In its efforts to halt the deportations, the Working Group adopted a policy of bribing key officials in the Slovakian administration and the German representation. In the course of negotiations over the summer of 1942, the Group paid ransom money to Dieter Wisliceny, Eichmann’s delegate in Slovakia. For various considerations, the deportations were halted in the autumn of 1942, but the Working Group believed this was a result of their bribes, and this encouraged them for the future.
The pause in the deportations convinced the Working Group that bribery was essential. As a result, Rabbi Weissmandel conceived the “Europa Plan” - the saving of European Jewry through the payment of ransom. The Group’s negotiations with the SS on this matter lasted from November 1942 until August 1943. During this period, Group members contacted Jewish organizations in Europe as well as representatives of the Land of Israel, headquartered in Istanbul, in an effort to receive their agreement to the Plan and to mobilize the necessary funds. The negotiations with the Germans came to naught and turned out to be just another SS deception.
Despite their disappointment at the failure of the Europa Plan, the members of the Working Group did not relent intheir efforts to save Jews. News about the murders in Poland induced them to track the fate of the deportees and to help those fleeing from Poland to Slovakia with hiding places and false papers. At the same time, they attempted to spread the information about the murders in the hope of thwarting the anticipated deportation of Hungarian Jewry. Their efforts failed and some of the members were arrested. At the end of 1944, their leaders, Rabbi Weissmandel and Gisi Fleischmann, were deported to Auschwitz.
Four Jewish prisoners escaped Auschwitz-Birkenau camp in the spring of 1944. Rudolph Vrba and Alfred Wetzler reached Slovakia in May 1944. Based on their testimony, a member of the underground Working Group compiled a report that contained a warning regarding preparations being made in the camp to murder Jews from Hungary and Czech Lands. An additional report was given in June 1944 by two other escapees, Czesław Mordowicz and Arnošt Rosin, that the murder of Hungarian Jewry was beginning. The reports were passed to Rabbi Weissmandel and to other members of the Working Group. They sent them to various persons and agencies in Hungary and Switzerland, calling upon the Allies to bomb Auschwitz and the railway lines leading there, and requesting that the Red Cross visit the camp. When the reports arrived in the West and the information contained in them was disseminated, the free world learned about the true nature of the Auschwitz camp.

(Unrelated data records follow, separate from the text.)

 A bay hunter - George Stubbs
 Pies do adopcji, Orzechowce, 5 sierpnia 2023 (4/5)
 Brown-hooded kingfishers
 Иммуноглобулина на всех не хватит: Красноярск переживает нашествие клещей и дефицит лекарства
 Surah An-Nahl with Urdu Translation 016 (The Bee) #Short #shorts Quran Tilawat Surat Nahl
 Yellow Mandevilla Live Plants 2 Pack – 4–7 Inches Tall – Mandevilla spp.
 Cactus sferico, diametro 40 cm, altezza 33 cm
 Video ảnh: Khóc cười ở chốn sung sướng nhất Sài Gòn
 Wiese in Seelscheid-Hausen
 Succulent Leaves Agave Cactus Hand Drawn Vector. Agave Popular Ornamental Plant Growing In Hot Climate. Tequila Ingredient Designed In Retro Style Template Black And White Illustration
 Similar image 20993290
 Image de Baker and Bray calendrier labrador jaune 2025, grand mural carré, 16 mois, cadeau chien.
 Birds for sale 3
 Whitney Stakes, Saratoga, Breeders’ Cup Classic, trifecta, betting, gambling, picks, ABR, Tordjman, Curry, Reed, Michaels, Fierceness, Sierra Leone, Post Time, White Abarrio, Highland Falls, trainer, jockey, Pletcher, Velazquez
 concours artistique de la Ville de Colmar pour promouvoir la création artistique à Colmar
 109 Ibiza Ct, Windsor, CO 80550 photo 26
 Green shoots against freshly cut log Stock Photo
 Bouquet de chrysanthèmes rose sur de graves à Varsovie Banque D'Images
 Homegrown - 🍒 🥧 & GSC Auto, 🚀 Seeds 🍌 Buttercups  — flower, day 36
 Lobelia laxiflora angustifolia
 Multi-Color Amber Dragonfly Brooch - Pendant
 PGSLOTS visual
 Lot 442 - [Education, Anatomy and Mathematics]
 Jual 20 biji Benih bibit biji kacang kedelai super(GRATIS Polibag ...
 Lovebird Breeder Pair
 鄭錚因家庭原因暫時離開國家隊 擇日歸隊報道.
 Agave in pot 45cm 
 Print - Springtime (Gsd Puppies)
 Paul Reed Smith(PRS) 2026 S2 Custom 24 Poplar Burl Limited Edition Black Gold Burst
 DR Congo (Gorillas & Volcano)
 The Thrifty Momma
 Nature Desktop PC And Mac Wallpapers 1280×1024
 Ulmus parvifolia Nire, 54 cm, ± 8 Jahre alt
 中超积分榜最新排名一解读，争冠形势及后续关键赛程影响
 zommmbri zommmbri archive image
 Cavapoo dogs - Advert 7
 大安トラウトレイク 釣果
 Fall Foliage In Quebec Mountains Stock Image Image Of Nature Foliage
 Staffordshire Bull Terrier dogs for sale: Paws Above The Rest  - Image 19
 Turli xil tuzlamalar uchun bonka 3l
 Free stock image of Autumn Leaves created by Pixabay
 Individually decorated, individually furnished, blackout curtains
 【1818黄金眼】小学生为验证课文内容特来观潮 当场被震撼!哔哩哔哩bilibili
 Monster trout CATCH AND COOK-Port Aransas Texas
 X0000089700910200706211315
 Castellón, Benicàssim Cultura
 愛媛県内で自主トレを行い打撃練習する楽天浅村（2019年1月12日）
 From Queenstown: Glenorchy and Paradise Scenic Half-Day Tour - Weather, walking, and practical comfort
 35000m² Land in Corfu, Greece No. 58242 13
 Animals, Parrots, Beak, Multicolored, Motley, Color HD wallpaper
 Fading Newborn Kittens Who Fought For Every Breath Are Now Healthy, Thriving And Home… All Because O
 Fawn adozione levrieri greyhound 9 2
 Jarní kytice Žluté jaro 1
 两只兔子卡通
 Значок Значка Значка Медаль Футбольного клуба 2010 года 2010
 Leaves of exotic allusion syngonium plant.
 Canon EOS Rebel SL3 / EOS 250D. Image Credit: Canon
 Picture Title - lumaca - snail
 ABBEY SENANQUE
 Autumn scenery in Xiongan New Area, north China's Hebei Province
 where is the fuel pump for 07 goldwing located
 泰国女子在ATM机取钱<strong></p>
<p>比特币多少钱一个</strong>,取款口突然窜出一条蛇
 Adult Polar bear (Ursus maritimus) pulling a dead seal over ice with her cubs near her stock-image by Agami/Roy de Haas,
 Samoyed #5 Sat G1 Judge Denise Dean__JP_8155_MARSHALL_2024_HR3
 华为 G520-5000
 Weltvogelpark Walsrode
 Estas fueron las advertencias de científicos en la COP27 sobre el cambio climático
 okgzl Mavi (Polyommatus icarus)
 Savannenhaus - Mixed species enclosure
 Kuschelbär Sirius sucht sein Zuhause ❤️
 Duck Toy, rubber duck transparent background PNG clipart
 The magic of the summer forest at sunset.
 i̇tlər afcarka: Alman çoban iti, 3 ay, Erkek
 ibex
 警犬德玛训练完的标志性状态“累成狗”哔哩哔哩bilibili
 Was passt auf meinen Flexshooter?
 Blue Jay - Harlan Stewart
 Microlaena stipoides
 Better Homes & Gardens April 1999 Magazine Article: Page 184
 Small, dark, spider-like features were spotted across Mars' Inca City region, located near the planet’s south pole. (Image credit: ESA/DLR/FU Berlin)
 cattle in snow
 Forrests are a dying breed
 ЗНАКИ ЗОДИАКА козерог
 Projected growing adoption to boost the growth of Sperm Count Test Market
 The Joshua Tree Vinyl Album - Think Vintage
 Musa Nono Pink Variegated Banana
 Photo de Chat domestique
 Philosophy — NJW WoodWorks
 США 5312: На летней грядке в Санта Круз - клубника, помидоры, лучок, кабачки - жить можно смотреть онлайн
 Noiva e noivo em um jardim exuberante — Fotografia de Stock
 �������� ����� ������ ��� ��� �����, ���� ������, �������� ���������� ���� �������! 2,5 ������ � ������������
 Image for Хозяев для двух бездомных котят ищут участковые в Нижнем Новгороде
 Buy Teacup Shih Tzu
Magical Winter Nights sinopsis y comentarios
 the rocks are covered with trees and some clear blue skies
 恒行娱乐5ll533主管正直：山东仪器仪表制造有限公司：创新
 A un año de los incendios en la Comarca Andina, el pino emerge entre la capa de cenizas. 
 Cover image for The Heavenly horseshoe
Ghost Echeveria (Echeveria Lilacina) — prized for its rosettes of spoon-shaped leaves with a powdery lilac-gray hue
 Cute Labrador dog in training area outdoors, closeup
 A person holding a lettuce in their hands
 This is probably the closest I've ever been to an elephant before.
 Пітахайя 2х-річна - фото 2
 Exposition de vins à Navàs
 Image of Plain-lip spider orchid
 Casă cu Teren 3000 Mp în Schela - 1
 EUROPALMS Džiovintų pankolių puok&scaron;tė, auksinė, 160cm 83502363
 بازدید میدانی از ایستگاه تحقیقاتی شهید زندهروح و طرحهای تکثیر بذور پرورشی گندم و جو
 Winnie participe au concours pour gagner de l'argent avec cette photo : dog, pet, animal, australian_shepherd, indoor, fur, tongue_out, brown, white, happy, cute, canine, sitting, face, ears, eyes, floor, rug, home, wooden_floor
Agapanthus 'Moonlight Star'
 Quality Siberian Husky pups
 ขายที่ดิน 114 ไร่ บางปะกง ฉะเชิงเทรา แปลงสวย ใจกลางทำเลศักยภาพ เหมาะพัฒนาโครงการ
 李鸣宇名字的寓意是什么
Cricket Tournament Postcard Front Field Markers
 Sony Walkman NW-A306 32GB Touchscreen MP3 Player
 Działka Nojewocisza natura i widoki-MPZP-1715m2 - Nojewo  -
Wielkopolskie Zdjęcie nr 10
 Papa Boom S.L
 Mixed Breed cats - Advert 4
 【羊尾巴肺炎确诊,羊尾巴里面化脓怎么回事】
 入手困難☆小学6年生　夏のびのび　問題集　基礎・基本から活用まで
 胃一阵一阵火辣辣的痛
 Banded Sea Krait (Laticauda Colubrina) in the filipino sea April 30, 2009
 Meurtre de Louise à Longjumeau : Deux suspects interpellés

Rabbi Abba Avraham Frieder
Abba Avraham Frieder, rabbi of the Nova Mesto community, was one of the leaders of the Working Group. In 1942-1944, he initiated the establishment of work camps for Jews in Slovakia to prevent their deportation to the death camps. Rabbi Frieder took advantage of his special connections with the Slovakian Minister of Education, Jozef Sivak, to transmit requests and receive information that helped save Jews. In addition, he tracked the fate of those deported to Poland and sought as much as possible to maintain contact with them. Frieder survived the war, but his wife and daughter perished.
Rabbi Michael Dov Weissmandel (1903-1956)
In the spring of 1942, at the height of the deportation of Slovakian Jewry for extermination, Michael Dov Weissmandel, rabbi of the Nitra Yeshivah, and the other Working Group members, sought to rescue Europe’s Jews. Rabbi Weissmandel was among those who conceived the idea that ransom payments to the SS could stop the deportations to Poland, and he acted to put this plan into effect. In 1944, the deportations from Slovakia to Auschwitz were renewed after a hiatus of two years. Rabbi Weissmandel and his family were deported. He jumped from the train, hid and survived. His wife and children were murdered.
Gisi Fleischmann (1897-1944)
Gisi Fleischmann was a Zionist activist, a Slovak WIZO leader and a director of the Working Group underground organization. She initiated aid and rescue operations for the Jews of Slovakia and other Jews, and feverishly worked to rally the free world to halt the extermination. Gisi wrote in September 1942 to her daughter in the Land of Israel: “If I pass through this difficult period, I believe that I will be able to say that my life was not in vain… Above all personal suffering is the fate of the People of Israel.” When the deportations from Slovakia were renewed in the summer of 1944, Gisi Fleischmann rejected a suggestion to save herself. In October 1944, she was deported to Auschwitz, where she was murdered.